Godori (8.5/10) – Now here is a fun avatar. Given to folks who can play and win 250 hands of Godori within the same calendar month, the Godori avatar provides more of a challenge than many recent avatars. It was released during a time when the site was experiencing heavy lag, but many of us crazy avatar collectors persevered (actually we’re just impatient). This avatar introduced many of us to a game we’d never even tried. The rules are a bit confusing at first, and it takes a little while to get the hang of it. Unfortunately the game isn’t perfect, and occasionally there are glitches in the favor of the opponent. But I found myself enjoying the game once I got the hang of it. Because of the high win requirement, this is an avatar that takes commitment to get. This was actually an unreleased avatar that was created years ago; at a user’s suggestion TNT decided to release it. I don’t totally love the colors, especially the cream background, but other than that it’s a visually pleasing avatar. Godori cards fly around in an Extreme Potato Counter-esque manner, making for a chaotic but fun avatar. The rounded edges and white highlight in the top left corner make the avatar look like a 3D button, which is a cool twist. This avatar is enjoyable to get, and the fact that it takes time and dedication to get makes it a winner in my book.

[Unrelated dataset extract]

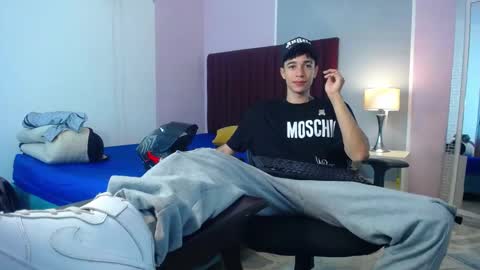 zack online show from 01-04-25, 04:00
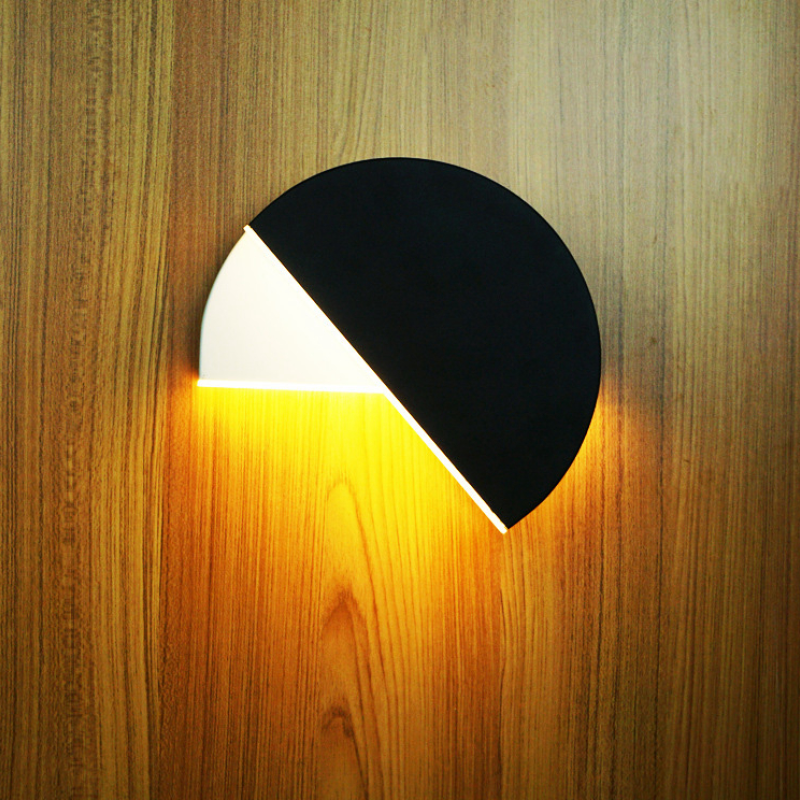 Drehbare Wandleuchte Schwarz/Weiß LED für Schlafzimmer & Wohnzimmer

20 Year Celebration Avatar (10/10) – Now this is a spiffing good avatar! It was another prize given out at Comic Con, but to many a player’s joy it was also awarded at the end of the 20th Anniversary event. It’s got a lot going on—it cycles through a rainbow of colors, has different Neopets flashing across the image, tons of sparkles glittering, moving text, whooshy stripes—and yet, it doesn’t seem too busy at all. Let’s dig into all the things this avatar is doing right! Firstly, the shape. I am a sucker for an unconventionally shaped avatar that isn’t a plain, boring square. It is the number 20, to represent Neopets’ 20th birthday! There are several species of Neopets within the avatar sliding across the image, but because the pets are the same color as the background, they are a very subtle, excellently done aspect. I’m also a sucker for sparkles on my avatars, and this avatar delivers here as well. It’s so tastefully done—not excessive—that it has a perfect, festive feel. The lines are sharp, as is the text. This is a perfect avatar, in my opinion—as long as it gets released for the 20th Birthday Celebration!
Well, there you have it! One player’s honest opinion on all of the avatars released in recent years. Some of you may agree with me—and others may disagree completely! But ultimately, many of us are brought together by our mutual love of these shiny pixels and the pursuit thereof. I wish you all luck on your avvie-collecting journeys!